### Records provided ###
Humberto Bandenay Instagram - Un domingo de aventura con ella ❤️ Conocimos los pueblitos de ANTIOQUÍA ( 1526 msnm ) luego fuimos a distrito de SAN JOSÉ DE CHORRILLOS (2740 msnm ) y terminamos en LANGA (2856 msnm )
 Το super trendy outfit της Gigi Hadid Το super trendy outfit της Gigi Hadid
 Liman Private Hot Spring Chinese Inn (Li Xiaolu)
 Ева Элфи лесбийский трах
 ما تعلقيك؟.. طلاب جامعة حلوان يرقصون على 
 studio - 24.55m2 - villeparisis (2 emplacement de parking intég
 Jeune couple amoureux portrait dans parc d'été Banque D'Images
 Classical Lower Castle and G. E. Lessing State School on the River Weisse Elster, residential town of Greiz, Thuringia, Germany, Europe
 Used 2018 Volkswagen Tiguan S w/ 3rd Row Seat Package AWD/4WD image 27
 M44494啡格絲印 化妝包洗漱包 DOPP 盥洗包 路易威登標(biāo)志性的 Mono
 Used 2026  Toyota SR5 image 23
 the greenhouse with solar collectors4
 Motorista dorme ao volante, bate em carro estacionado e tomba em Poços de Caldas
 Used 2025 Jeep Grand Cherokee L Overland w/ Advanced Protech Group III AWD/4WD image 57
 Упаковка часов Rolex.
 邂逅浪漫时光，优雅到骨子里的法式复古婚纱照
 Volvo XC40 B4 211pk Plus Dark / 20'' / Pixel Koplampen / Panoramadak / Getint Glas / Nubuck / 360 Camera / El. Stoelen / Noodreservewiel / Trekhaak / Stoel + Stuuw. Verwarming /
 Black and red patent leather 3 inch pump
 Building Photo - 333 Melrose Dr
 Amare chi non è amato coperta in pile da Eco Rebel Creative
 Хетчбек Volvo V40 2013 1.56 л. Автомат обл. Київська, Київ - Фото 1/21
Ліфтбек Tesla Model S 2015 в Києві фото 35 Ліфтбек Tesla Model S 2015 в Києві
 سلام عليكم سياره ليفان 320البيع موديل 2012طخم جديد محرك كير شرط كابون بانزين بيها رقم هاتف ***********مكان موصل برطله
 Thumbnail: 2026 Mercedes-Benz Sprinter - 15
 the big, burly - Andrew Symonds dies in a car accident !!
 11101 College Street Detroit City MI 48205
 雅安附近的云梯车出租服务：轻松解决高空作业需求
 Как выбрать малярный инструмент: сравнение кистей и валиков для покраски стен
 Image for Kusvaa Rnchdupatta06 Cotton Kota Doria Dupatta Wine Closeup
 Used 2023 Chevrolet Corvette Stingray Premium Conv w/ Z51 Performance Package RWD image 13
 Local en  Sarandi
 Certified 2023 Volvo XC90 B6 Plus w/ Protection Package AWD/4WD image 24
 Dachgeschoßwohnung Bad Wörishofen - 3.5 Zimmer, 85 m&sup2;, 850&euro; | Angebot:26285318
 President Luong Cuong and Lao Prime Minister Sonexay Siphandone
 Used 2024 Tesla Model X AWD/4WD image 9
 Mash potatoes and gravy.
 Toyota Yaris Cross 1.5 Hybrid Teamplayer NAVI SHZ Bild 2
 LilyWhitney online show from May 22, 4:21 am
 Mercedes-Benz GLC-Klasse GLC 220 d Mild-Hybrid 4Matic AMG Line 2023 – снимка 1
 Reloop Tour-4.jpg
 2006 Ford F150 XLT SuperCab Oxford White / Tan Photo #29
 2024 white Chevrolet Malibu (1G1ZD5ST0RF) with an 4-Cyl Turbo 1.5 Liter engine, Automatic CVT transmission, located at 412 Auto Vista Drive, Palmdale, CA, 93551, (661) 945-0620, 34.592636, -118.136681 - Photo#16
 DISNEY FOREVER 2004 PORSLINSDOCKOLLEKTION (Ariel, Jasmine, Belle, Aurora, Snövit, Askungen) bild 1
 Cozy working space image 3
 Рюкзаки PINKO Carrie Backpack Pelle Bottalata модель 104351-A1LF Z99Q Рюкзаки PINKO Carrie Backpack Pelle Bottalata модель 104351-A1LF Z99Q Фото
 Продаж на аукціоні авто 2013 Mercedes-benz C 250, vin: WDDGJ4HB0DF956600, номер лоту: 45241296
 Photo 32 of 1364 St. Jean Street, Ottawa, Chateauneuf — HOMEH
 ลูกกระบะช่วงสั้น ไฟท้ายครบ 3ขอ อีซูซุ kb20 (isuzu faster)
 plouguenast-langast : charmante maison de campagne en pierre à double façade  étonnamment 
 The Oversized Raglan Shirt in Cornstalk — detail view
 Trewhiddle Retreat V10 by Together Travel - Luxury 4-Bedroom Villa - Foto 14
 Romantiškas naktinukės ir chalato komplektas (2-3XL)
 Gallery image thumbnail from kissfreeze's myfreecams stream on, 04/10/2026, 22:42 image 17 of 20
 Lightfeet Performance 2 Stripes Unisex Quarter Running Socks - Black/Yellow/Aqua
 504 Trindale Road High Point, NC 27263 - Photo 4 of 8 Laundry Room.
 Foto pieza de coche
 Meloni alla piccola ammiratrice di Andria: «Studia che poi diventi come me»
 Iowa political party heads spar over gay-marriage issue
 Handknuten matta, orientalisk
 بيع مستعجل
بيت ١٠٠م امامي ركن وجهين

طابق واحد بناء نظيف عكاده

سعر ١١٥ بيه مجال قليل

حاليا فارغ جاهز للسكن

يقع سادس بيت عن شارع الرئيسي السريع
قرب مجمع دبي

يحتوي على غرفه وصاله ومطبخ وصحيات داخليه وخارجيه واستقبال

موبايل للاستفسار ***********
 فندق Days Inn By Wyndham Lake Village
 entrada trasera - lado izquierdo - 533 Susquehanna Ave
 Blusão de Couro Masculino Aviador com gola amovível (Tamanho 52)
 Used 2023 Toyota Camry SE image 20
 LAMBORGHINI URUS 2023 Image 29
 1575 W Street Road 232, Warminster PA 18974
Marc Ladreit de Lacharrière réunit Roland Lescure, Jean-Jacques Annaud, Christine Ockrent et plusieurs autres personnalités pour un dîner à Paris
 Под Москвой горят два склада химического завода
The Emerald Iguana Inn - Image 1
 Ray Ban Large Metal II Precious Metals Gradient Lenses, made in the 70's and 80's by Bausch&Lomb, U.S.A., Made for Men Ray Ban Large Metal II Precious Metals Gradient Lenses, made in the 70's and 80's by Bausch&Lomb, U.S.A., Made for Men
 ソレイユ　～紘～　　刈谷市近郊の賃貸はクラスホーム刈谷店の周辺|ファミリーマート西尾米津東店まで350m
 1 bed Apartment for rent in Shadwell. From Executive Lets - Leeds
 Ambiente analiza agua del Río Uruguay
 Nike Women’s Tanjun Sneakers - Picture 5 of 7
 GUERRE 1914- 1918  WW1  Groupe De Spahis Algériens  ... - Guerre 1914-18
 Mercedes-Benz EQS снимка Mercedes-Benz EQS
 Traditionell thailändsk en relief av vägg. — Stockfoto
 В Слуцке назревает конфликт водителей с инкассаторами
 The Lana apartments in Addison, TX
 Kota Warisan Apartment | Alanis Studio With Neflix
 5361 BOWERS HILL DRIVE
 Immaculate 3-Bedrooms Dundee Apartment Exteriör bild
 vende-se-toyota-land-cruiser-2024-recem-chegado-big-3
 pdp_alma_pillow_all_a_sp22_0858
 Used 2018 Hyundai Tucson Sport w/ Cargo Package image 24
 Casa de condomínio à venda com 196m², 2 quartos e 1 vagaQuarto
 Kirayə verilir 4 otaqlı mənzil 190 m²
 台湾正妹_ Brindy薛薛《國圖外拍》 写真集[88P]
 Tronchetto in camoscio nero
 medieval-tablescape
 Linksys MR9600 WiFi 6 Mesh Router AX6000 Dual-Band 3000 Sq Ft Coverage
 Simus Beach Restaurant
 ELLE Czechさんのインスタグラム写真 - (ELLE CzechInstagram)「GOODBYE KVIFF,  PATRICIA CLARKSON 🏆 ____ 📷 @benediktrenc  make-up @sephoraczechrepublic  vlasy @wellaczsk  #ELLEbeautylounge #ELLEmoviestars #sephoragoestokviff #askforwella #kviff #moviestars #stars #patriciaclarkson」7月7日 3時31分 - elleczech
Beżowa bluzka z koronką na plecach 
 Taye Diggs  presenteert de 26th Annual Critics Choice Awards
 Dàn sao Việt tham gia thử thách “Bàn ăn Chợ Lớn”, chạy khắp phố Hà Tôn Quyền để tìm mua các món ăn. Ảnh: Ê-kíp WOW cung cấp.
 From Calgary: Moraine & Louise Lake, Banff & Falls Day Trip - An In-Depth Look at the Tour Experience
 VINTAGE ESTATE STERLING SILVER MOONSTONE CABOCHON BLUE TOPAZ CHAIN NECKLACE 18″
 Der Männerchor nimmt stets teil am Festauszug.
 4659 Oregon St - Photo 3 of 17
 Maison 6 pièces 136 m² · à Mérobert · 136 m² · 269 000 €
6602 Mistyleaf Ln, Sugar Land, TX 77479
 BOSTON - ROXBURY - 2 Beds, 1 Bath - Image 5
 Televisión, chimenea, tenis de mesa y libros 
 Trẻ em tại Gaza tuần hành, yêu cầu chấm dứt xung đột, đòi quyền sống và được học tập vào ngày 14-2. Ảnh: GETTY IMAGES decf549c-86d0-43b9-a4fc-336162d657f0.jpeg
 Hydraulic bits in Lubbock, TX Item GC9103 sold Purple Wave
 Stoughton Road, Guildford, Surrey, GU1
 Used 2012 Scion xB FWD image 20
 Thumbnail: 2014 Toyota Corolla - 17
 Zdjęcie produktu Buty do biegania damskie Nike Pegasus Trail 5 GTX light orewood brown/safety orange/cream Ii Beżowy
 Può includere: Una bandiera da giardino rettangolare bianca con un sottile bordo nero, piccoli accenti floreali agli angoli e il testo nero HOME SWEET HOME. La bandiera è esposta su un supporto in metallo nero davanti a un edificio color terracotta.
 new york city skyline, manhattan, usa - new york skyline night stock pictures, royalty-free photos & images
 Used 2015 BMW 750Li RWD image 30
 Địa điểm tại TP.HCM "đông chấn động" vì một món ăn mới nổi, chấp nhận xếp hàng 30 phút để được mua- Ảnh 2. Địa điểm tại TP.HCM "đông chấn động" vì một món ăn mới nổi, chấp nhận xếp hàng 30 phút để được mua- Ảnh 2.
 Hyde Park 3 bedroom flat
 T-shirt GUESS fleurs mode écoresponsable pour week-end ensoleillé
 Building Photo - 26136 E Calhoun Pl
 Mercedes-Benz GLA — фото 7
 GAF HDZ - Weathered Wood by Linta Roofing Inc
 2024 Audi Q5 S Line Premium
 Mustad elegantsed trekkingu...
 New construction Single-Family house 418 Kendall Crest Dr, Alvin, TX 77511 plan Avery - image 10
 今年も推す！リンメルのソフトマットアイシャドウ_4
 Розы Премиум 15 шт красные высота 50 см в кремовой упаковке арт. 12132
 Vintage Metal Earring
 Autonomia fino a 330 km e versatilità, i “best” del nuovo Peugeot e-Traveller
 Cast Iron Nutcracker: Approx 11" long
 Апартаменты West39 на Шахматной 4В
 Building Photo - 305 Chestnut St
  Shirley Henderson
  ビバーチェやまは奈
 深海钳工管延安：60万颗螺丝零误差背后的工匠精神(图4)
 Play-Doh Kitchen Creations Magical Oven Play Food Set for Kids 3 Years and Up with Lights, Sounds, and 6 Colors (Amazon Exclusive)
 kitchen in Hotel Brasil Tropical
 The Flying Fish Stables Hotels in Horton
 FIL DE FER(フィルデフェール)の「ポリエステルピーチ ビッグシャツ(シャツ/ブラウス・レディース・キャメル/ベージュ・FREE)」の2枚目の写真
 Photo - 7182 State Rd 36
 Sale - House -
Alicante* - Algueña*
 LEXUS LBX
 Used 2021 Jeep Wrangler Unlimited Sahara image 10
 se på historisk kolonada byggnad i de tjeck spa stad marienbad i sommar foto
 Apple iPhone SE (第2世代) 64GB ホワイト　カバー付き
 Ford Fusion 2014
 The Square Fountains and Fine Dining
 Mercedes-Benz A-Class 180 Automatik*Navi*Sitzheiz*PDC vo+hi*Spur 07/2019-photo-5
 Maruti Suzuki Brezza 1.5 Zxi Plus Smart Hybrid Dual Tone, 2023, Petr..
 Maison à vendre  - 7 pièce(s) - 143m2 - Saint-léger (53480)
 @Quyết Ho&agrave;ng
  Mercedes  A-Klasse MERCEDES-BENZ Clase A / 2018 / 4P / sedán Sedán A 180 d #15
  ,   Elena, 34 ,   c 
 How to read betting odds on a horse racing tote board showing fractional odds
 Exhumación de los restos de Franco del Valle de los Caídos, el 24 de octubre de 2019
###
**Work required**
What belongs in the answer is each line of the data that has the word "Klasse".

**Reply**
 Mercedes-Benz GLC-Klasse GLC 220 d Mild-Hybrid 4Matic AMG Line 2023 – снимка 1
  Mercedes  A-Klasse MERCEDES-BENZ Clase A / 2018 / 4P / sedán Sedán A 180 d #15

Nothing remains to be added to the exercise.